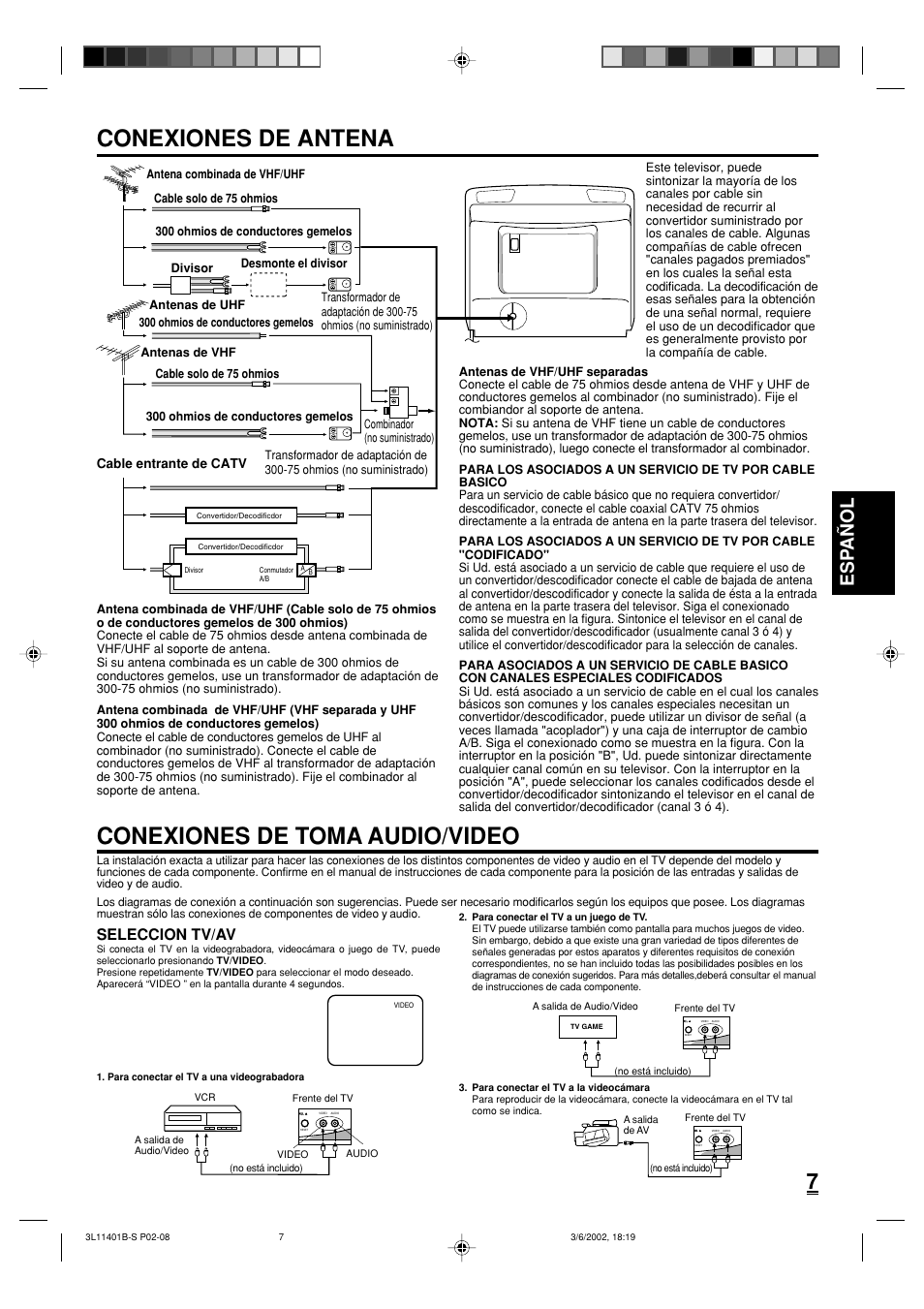 Conexiones de antena, Conexiones de toma audio/video, Esp a ñ ol | Seleccion tv/av | Toshiba 13A22 User Manual | Page 39 / 48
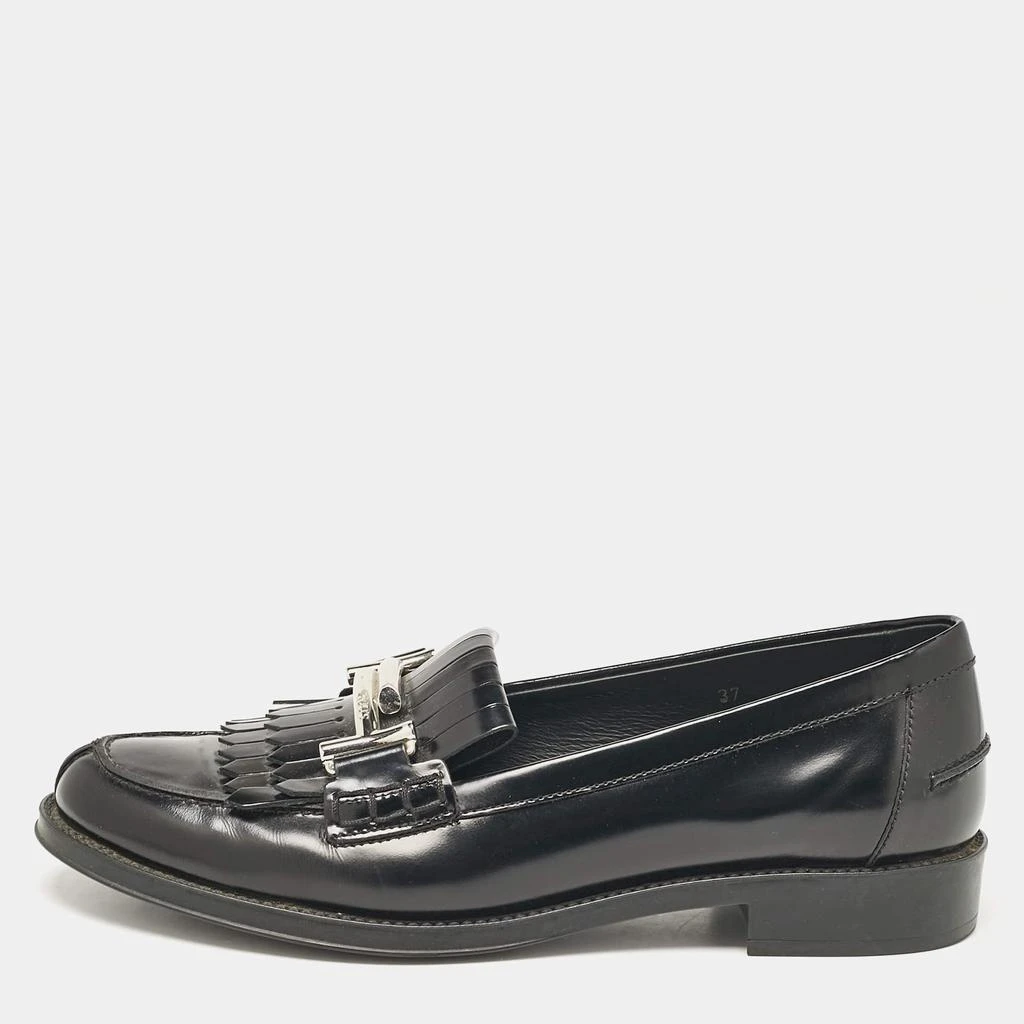 Tod's Tod's Black Leather Double T Fringed Loafers Size 37 1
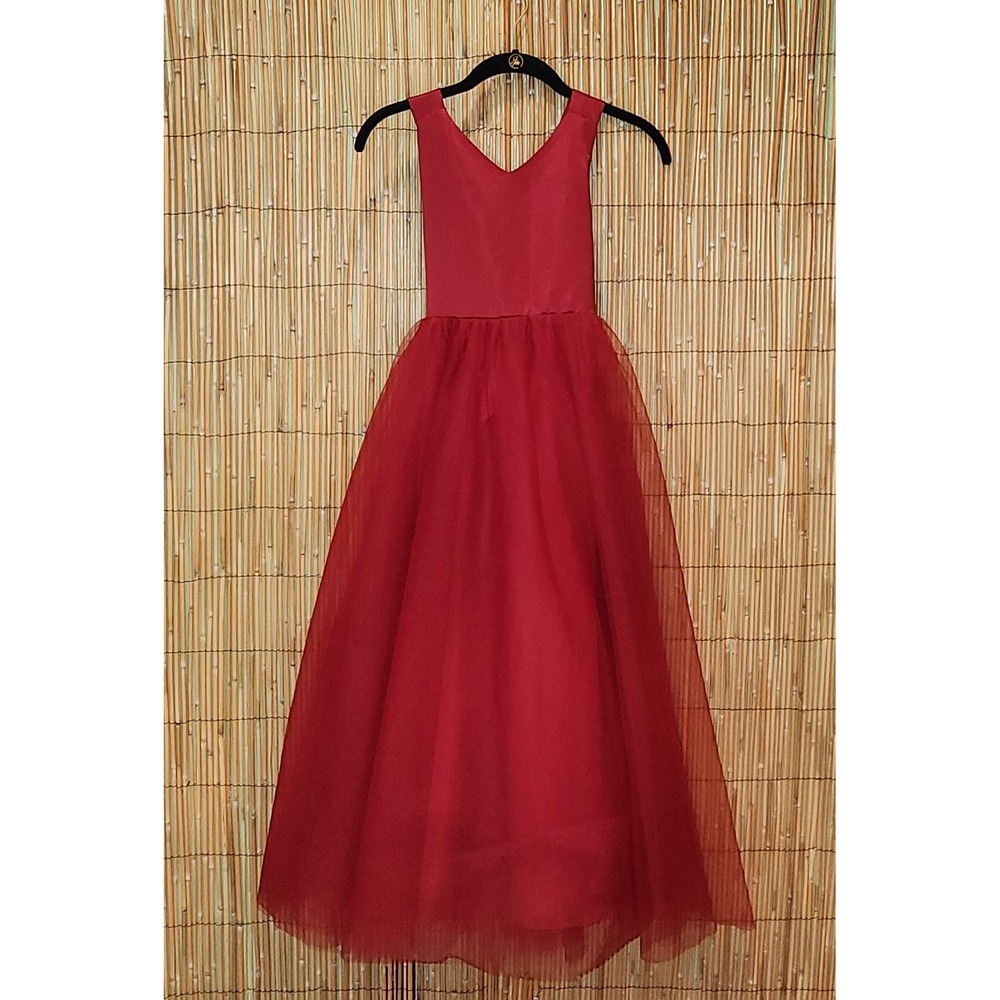 Girls Red Tulle Formal Long Dress Back Bow Christmas Party Photo Medium Chest 27 - Picture 3 of 7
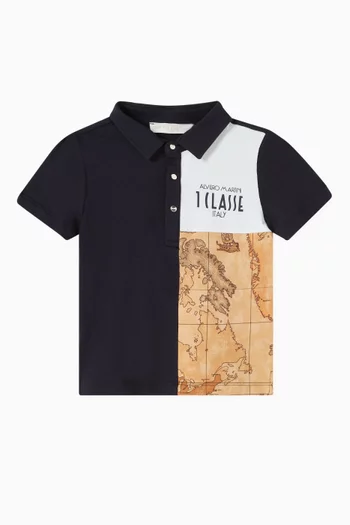 Geo Classic Polo Shirt in Cotton Jersey
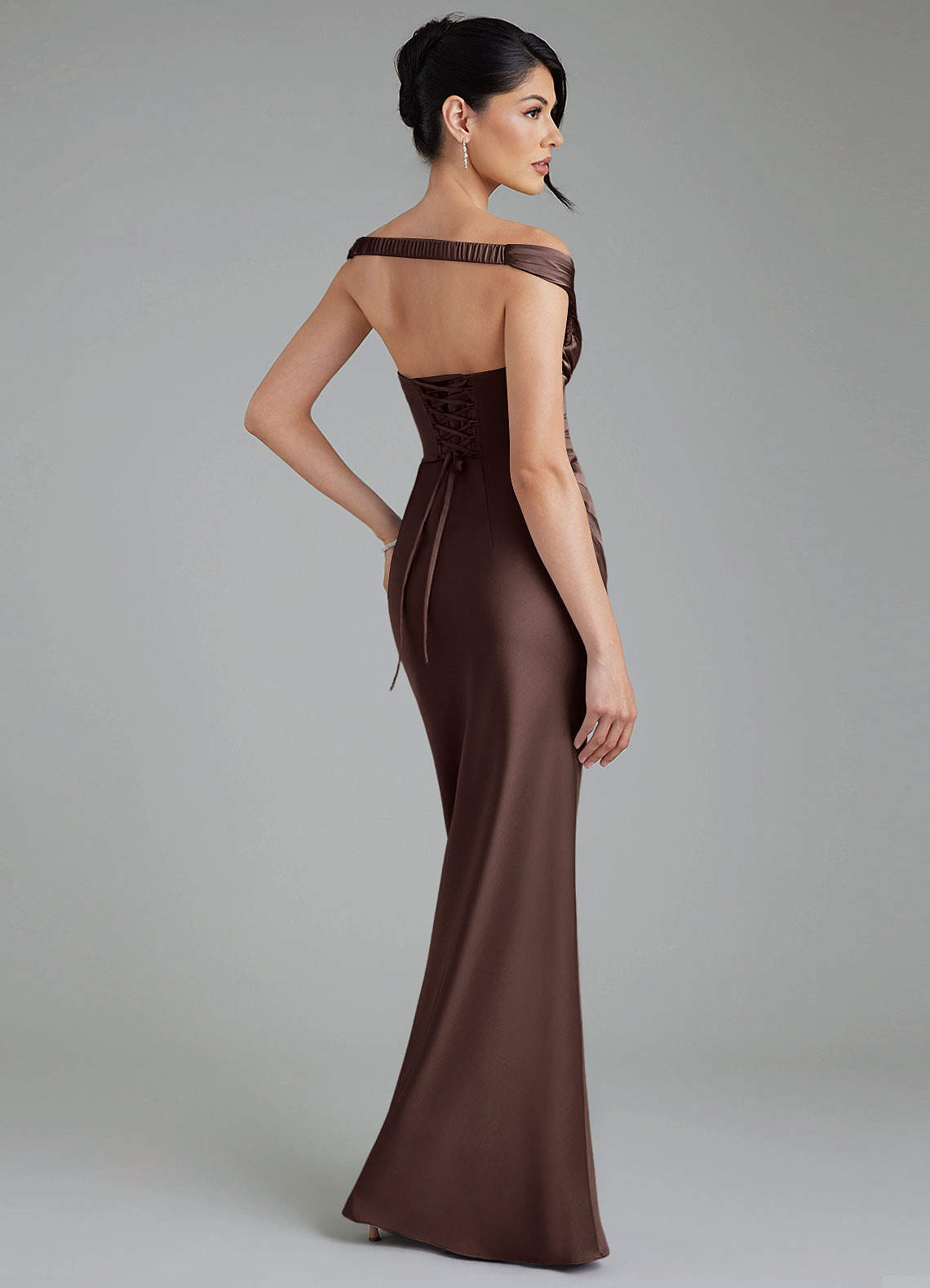 Stella Sheath V-Neck Stretch Satin Bridesmaid Dress in Ganache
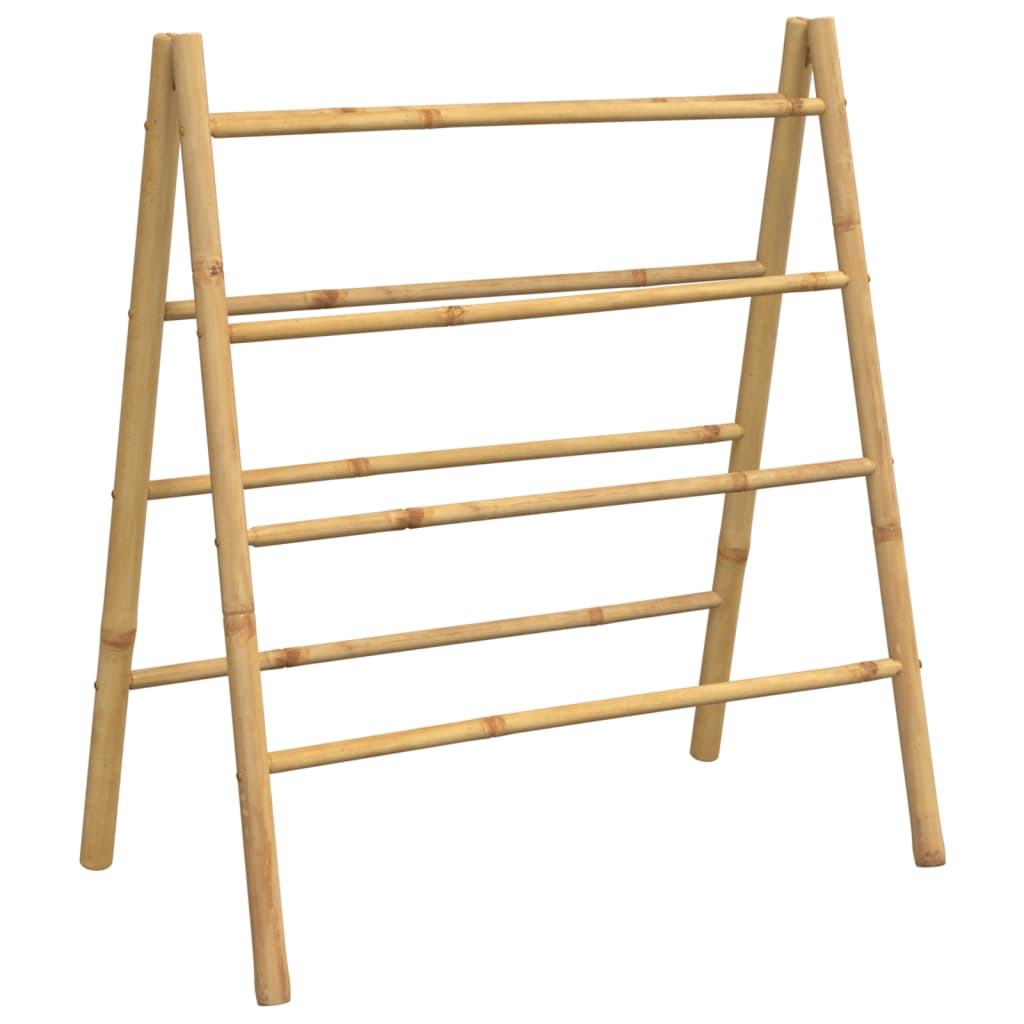 Double Towel Ladder with 4 Rungs Bamboo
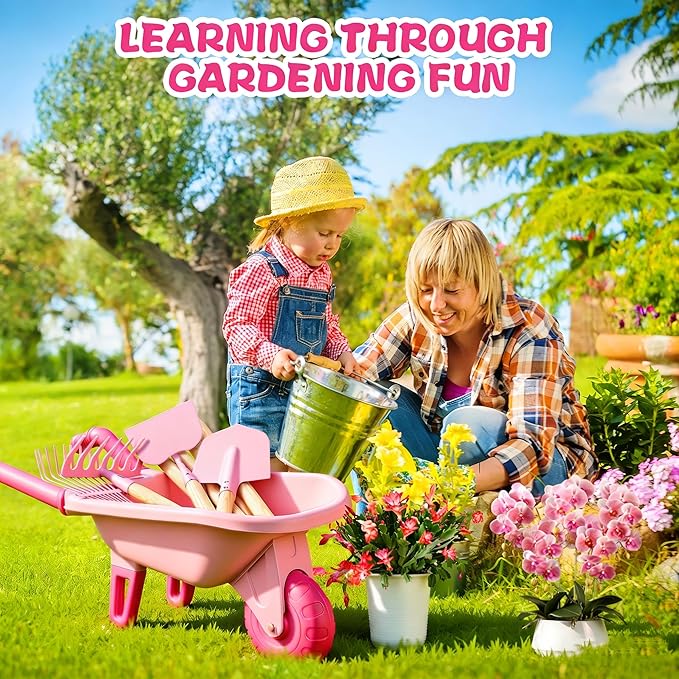 Kids Gardening Tools Set with Wheelbarrow, Wooden & Metal Outdoor Gardening Toys for Summer Outdoor Yard Digging & Weeding, Easter Birthday Gifts for Boys Girls Age 3+ Years (Pink)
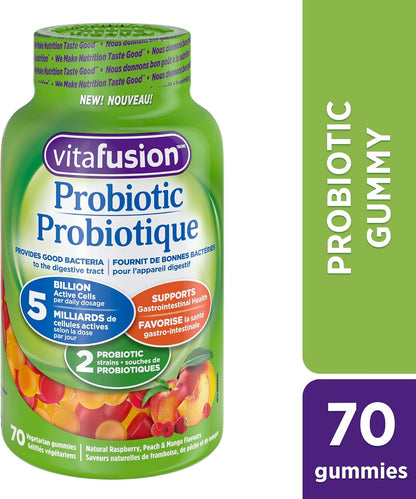 Vitafusion 益生菌成人軟糖，2 種益生菌菌株和 D3 成人維生素軟糖，1000 IU 維生素 D3 每日劑量，可支撐骨骼和牙齒*，150 粒，5 個月用量，包裝可能有所不同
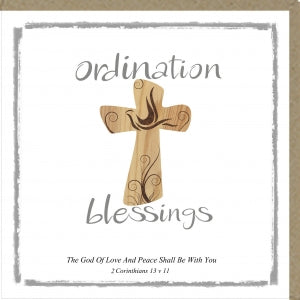 Ordination Blessings Card Wooden Cross - The Christian Gift Company
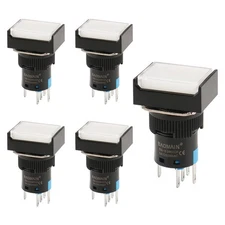 5 Pack 5/8" 16mm Latching Push Button Switch Rectangular Cap White LED DC 12V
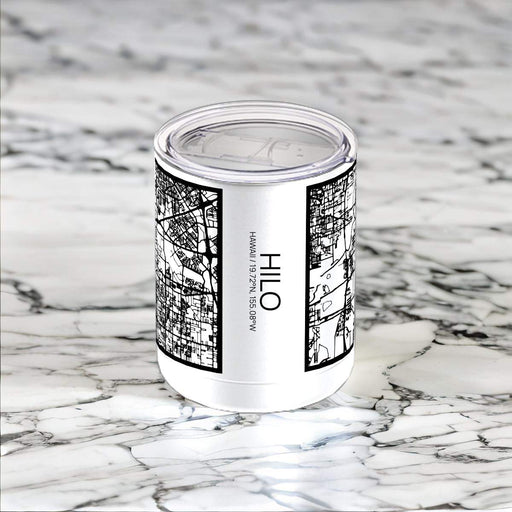 Hilo Hawaii Custom City Map Inscription Coordinates on 10oz Stainless Steel Insulated Cup in Matte White with Sliding Lid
────────────────────────────────────────
What to produce — Exact copy, pictures removed: set down the whole listing above.

Answer area —
 Conexiones de antena, Conexiones de toma audio/video, Esp a ñ ol | Seleccion tv/av | Toshiba 13A22 User Manual | Page 39 / 48
 Tod's Tod's Black Leather Double T Fringed Loafers Size 37 1
 Girls Red Tulle Formal Long Dress Back Bow Christmas Party Photo Medium Chest 27 - Picture 3 of 7
 Geo Classic Polo Shirt in Cotton Jersey
 Stella Sheath V-Neck Stretch Satin Bridesmaid Dress in Ganache
 Double Towel Ladder with 4 Rungs Bamboo
 Kids Gardening Tools Set with Wheelbarrow, Wooden & Metal Outdoor Gardening Toys for Summer Outdoor Yard Digging & Weeding, Easter Birthday Gifts for Boys Girls Age 3+ Years (Pink)
 Vitafusion 益生菌成人軟糖，2 種益生菌菌株和 D3 成人維生素軟糖，1000 IU 維生素 D3 每日劑量，可支撐骨骼和牙齒*，150 粒，5 個月用量，包裝可能有所不同
 Ordination Blessings Card Wooden Cross - The Christian Gift Company
 5 Pack 5/8" 16mm Latching Push Button Switch Rectangular Cap White LED DC 12V
 Hilo Hawaii Custom City Map Inscription Coordinates on 10oz Stainless Steel Insulated Cup in Matte White with Sliding Lid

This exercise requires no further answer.